CAPITANIAS : OS DONATÁRIOS EM FALÊNCIA
Famoso por seus feitos na conquista de Malaca - quando atacou sozinho um elefante de guerra -, Vasco Fernandes Coutinho morreu no Brasil totalmente arruinado pelos freqüentes ataques indígenas a suas terras - razão pela qual fracassou também a capitania de Pêro de Góis. No caso das terras acima de Itamaracá, cuja colonização foi empreendida em conjunto por João de Barros, Aires da Cunha e Fernando Alvares de Andrade,foram as dificuldades de acesso e os naufrágios que impediram a ocupação.

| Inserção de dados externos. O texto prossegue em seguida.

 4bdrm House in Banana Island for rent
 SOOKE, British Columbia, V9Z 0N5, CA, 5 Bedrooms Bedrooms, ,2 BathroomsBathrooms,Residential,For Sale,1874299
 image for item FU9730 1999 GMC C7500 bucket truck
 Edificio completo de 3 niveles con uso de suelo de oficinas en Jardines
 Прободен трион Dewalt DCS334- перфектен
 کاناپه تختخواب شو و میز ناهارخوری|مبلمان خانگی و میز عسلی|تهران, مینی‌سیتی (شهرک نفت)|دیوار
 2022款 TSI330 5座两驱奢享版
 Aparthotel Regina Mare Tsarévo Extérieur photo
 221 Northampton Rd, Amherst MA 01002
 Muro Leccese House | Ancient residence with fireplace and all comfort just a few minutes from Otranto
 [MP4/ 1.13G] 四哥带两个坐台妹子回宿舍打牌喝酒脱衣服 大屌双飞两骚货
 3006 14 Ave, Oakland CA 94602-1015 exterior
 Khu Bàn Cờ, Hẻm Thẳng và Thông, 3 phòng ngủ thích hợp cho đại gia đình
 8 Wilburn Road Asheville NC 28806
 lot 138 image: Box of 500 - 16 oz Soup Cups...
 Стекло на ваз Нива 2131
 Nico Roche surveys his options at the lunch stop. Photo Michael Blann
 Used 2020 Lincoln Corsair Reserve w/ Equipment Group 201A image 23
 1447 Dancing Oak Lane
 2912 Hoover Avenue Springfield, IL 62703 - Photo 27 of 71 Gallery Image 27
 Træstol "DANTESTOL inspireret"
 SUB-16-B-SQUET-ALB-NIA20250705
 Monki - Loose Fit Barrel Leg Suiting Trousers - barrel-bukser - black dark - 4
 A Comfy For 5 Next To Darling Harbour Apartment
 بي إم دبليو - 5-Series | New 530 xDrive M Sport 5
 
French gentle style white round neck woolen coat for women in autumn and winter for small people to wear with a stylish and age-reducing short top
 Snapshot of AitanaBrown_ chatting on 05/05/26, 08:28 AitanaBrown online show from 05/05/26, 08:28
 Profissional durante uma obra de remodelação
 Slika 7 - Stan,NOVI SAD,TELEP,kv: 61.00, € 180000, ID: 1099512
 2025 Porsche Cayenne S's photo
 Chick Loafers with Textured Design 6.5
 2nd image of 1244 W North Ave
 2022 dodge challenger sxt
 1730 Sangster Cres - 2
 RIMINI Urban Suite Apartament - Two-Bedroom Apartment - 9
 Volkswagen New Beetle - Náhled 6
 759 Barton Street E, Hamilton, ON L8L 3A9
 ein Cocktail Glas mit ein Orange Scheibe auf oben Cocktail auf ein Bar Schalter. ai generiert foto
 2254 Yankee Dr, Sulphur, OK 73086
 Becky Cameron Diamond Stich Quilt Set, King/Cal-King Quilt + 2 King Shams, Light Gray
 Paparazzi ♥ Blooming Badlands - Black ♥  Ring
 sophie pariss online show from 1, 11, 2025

Embora a doação de capitanias implicasse uma delegação de poderes públicos a particulares - poderes revogáveis a qualquer instante -, a Coroa reservou para si, desde o início, algumas áreas estratégicas da administração. Na maioria das doações, por exemplo, a arrecadação dos tributos cabia aos almoxarifes, provedores e contratadores, funcionários nomeados por Lisboa, escapando assim ao controle dos capitães-generais. Contudo, esperava-se destes que reunissem todo o capital necessário ao funcionamento do sistema. Cabia-lhes, pois, equipar seus navios, comprar provisões, pagar os homens de armas e os artesãos que os acompanhassem e, enfim, financiar a organização da produção agrícola. Nessas circunstâncias, é quase surpreendente que tenha havido quem se interessasse pelo empreendimento.
Soldados e Funcionários
D. João III encontrou seus voluntários entre burocratas próximos ao trono e veteranos das guerras no Oriente. Ao primeiro grupo pertenciam João de Barros - comissário da Casa da India, célebre por haver escrito as "Décadas da Asia" - Jorge de Figueiredo Correia e Fernando Alvares de Andrade, ambos ligados à Tesouraria real. Entre os militares estavam Martim Afonso de Sousa, Pêro Lopes de Sousa, Duarte Coelho, Francisco Pereira Coutinho, Antônio Cardoso de Barros e Vasco Fernandes Coutinho. Aires da Cunha e Pêro de Góis eram navegadores, e Pêro de Campos Tourinho (a exceção) era um grande proprietário de terras. Quatro já haviam estado no Brasil: Martim Afonso, Pêro Lopes de Sousa, Pêro de Góis - que acompanhara Pêro Lopes de Sousa na missão de reconhecimento do litoral brasileiro - e Duarte Coelho, filho de Gonçalo Coelho. O grande investimento que recaía sobre os donatários contribuiu para o relativo fracasso do sistema, mas não foi o único fator.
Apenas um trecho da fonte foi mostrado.